One of Jimi’s biggest takeaways from Cerebrum were the ability to shift the mood with colour-changing lights projected onto white walls. Back then, it wasn’t easy. At Cerebrum it was accomplished with 20 Kodak 35mm slide projectors. At Electric Lady, lighting designer Bob Walsch had to buy quantities of bulbs in three different colours, and attach them to giant dimmers to mix the colours. Four years ago, things came full circle. Paul Epworth had bought The Church Studio in London and wanted to overhaul the design. He’d worked at Ann Mincieli’s Jungle Studios in New York, a WSDG job, and wanted that specific Augspurger monitor system. It turned out one of the rooms at the The Church was almost the same size as the Jungle Studios control room, which worked out nicely. “In one of the conversations with Paul, we asked what he felt it should look and feel like,” said Storyk. “He said, ‘I’ve got this idea where everything’s white, and we just change the colours and the mood with lighting.’ I thought to myself, ‘I haven’t gone very far in 45 years!’

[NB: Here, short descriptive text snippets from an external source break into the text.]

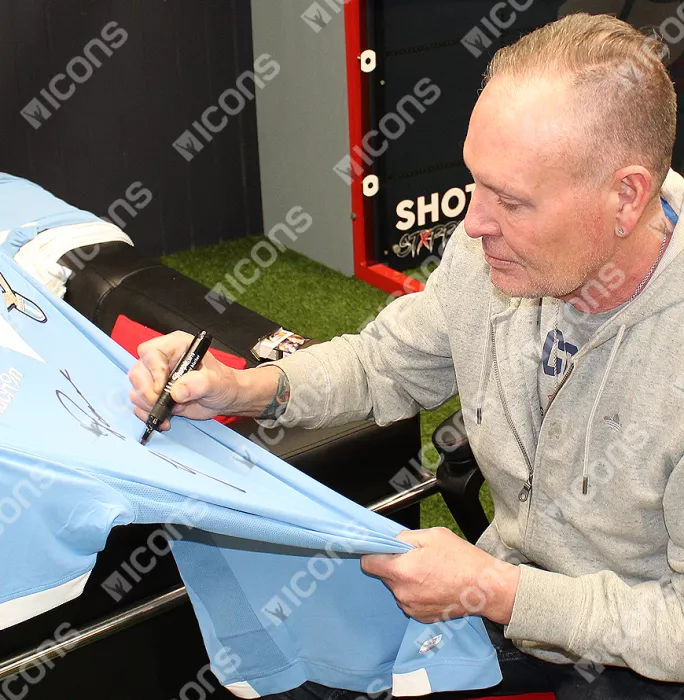 Paul Gascoigne Front Signed Modern Lazio Home Shirt In Classic Frame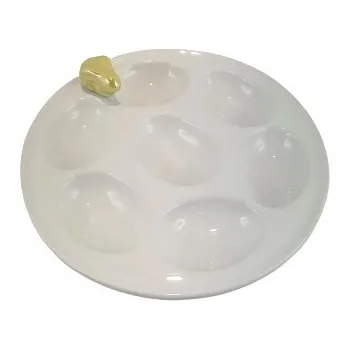 Talíř TALÍŘ NA VEJCE BÍLÝ SE ŽLUTÝM KRÁLÍKEM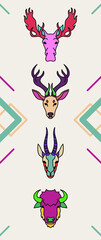 Animals with horns in colorful flat style.Line head of deer, elk, bison, and antelope.Vector isolated icons.Vector illustrations of wildlife animals.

“I didn’t tell him that though, I just said, ‘That’s a good idea… I think we know how to do that.’”

EXPERIMENTAL CONTROL

“How many pieces of information does someone have to give you in order to determine the nature of a car?” Storyk asked. “0-60mlph time? Braking distance? Number of doors? Horsepower of the engine?” It turns out you need quite a few. It’s the same with studios; no single characteristic describes a studio.

While reverb time is an extremely good descriptor of live rooms — especially large ones — it’s not the only characteristic. It’s usefulness is also aligned with the fact it’s relatively easy to measure, and we’ve been measuring it for many years, posits Storyk, making it easy to compare.

Another characteristic of studios is quietness, lists Storyk: “On the control room side, reverb time carries even less weight. Low frequency modal behaviour is important: where and what are the modes and how are they spaced?

“Accurate frequency response from the monitors at the listening position is an obvious one. What’s happening in the time domain — phase — is critical. And I want to see first order reflections; where those console bounce points are. Are there any reflections inside the initial time delay gap (ITDG)? 

The concept of ITDG is more complicated, and doesn’t sit neatly within an acronym, so people don’t like to talk about it. “The idea is to understand what’s happening at the listening position when you compare the direct sound to the next set of reflections. If you have those pieces of information arriving inside a 10dB difference, between 15 and 30ms, then you risk a comb filter problem.  The obvious example of this seen in many studios is a console bounce, but it could also be a piece of equipment or a low ceiling. 

“You can connect the dots. As the rooms get smaller, the surfaces get closer and this phenomenon gets more hazardous. It has nothing to do with reverb time, because if you plug the dimensions of a small control room into the Sabine equation, it is essentially dead because of its size. In small rooms, often individual surface geometries have little relationship to reverb time.”